For this exercise, write out the full listing that follows exactly and skip its pictures.

-- Available data follows --

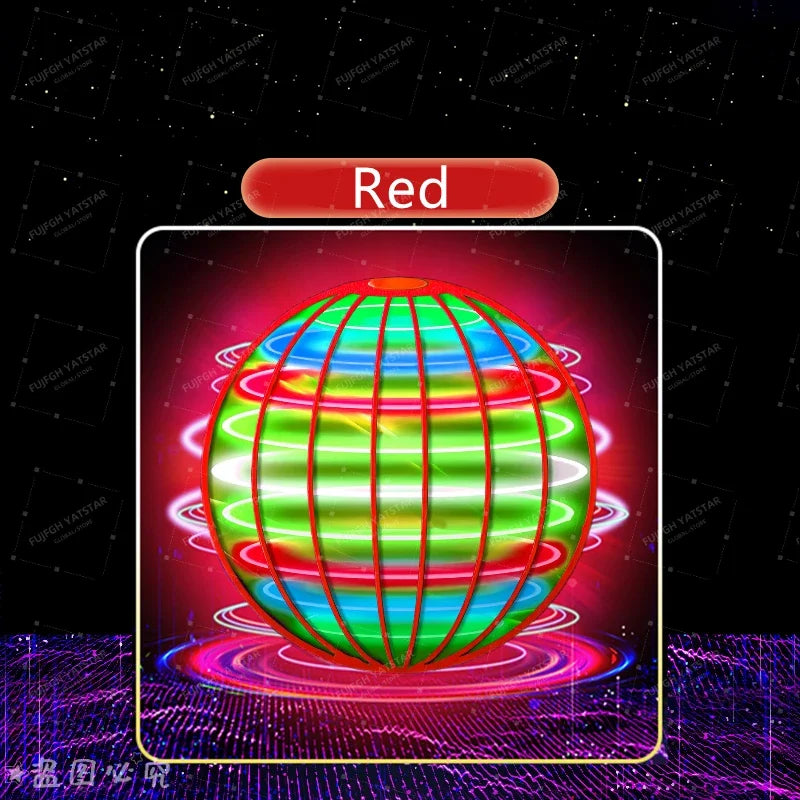 Magnetic Levitation Flying Gyro Ball for Kids High Tech Magic Toy Outdoor Sports Interactive Rotation Sensor Game Modern Play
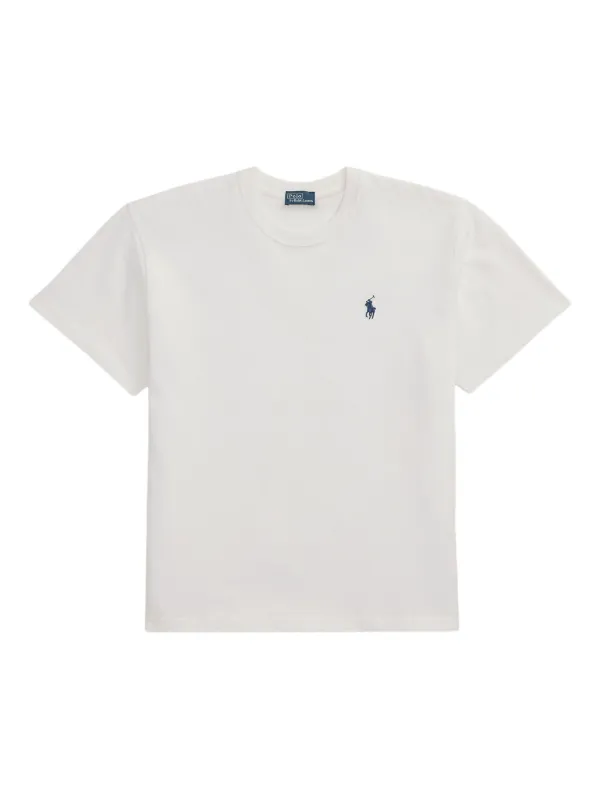 ラルフローレン ロゴT 白 レディース 爽やか人気 Polo Ralph Lauren ロゴ Tシャツ | ホワイト | FARFETCH JP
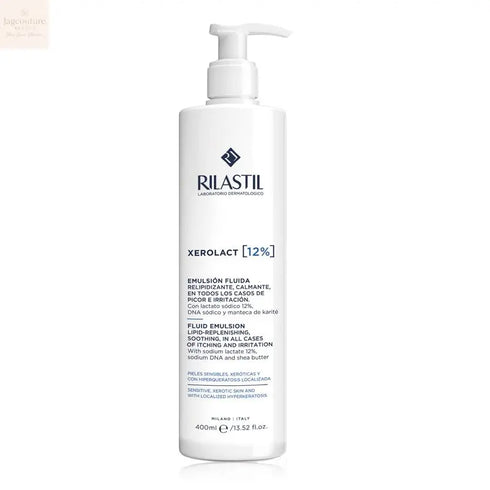Rilastil Xerolact 12% Keratin Regulating Moisturizing Milk 400ml Jag Couture Beauty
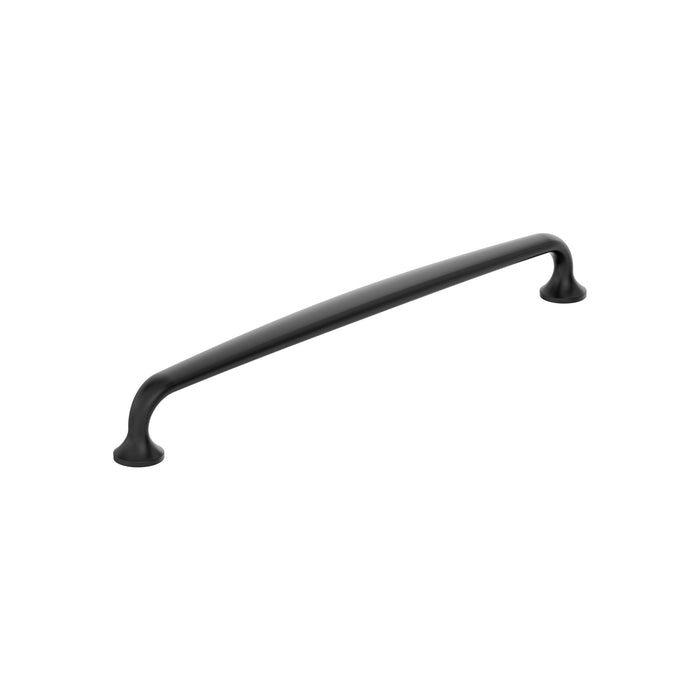 Amerock BP36986FB Renown 7-9/16 inch (192mm) Center-to-Center Matte Black Cabinet Pull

-- Available data concluded --

**Exercise response:**
 Magnetic Levitation Flying Gyro Ball for Kids High Tech Magic Toy Outdoor Sports Interactive Rotation Sensor Game Modern Play
 ラルフローレン ロゴT 白 レディース 爽やか人気 Polo Ralph Lauren ロゴ Tシャツ | ホワイト | FARFETCH JP
Rilastil Xerolact 12% Keratin Regulating Moisturizing Milk 400ml Jag Couture Beauty
 Amerock BP36986FB Renown 7-9/16 inch (192mm) Center-to-Center Matte Black Cabinet Pull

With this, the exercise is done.